Batch tests were conducted to assess the potential use of ferrous sulfate and calcium polysulfide for the remediation of chromite ore processing residue (COPR). The remediation process entails addition of ferrous sulfate or calcium polysulfide to chemically reduce hexavalent chromium [Cr(VI)] to trivalent chromium [Cr(III)] in slurry form and pH adjustment to precipitate Cr(III) as chromium hydroxide. The present study investigates the effects of COPR particle size, treatment pH, and chemical dosage on the performance of the treatment. Smaller particle size resulted in increases in alkaline digestion and Toxicity Characteristic Leaching Procedure (TCLP) Cr(VI) concentrations for the untreated samples. The chemical reduction of Cr(VI) with ferrous iron and sulfides was non-stoichiometric. Four times the stoichiometric amount of ferrous iron of two times the stoichiometric amount of polysulfide were needed to meet both the New Jersey Department of Environmental Protection (NJDEP) regulatory limit of 240 mg/kg for Cr(VI) and EPA TCLP regulatory limit of 5 mg/L for chromium [C,r]. pH adjustment was necessary to prevent the formation of ettringite, a swell causing mineral, upon the introduction of sulfate to the COPR material via ferrous sulfate or calcium polysulfide. The slow hydration of some COPR minerals caused the pH of the treated COPR to creep upward during the curing period. However, when sufficient acid was added, the pH value was controlled at less than 9.27 for a curing period of 1.5 years, which prevented the formation of ettringite.

Assessment of ferrous chloride and Portland cement for the remediation of chromite ore processing residue.
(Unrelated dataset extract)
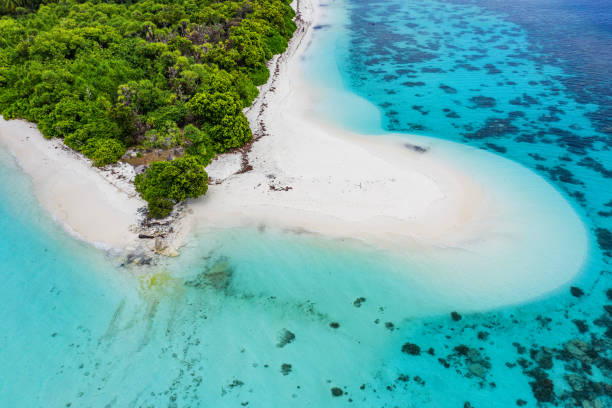 istock Aerial view of tropical island 1212107465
Chromite Ore Processing Residue (COPR) is an industrial waste containing up to 7% chromium (Cr) including up to 5% hexavalent chromium [Cr(VI)]. The remediation of COPR has been challenging due to the slow release of Cr(VI) from a clinker like material and thereby the incomplete detoxification of Cr(VI) by chemical reagents. The use of sulfur based reagents such as ferrous sulfate and calcium polysulfide to detoxify Cr(VI) has exasperated the swell potential of COPR upon treatment. This study investigated the use of ferrous chloride alone and in combination with Portland cement to address the detoxification of Cr(VI) in COPR and the potential swell of COPR. Chromium regulatory tests, X-ray powder diffraction (XRPD) analyses and X-ray absorption near edge structure (XANES) analyses were used to assess the treatment results. The treatment results indicated that Cr(VI) concentrations for the acid pretreated micronized COPR as measured by XANES analyses were below the New Jersey Department of Environmental Protection (NJDEP) standard of 20 mg kg(-1). The Toxicity characteristic leaching procedure (TCLP) Cr concentrations for all acid pretreated samples also were reduced below the TCLP regulatory limit of 5 mg L(-1). Moreover, the TCLP Cr concentration for the acid pretreated COPR with particle size ⩽0.010 mm were less than the universal treatment standard (UTS) of 0.6 mg L(-1). The treatment appears to have destabilized all COPR potential swell causing minerals. The unconfined compressive strength (UCS) for the treated samples increased significantly upon treatment with Portland cement.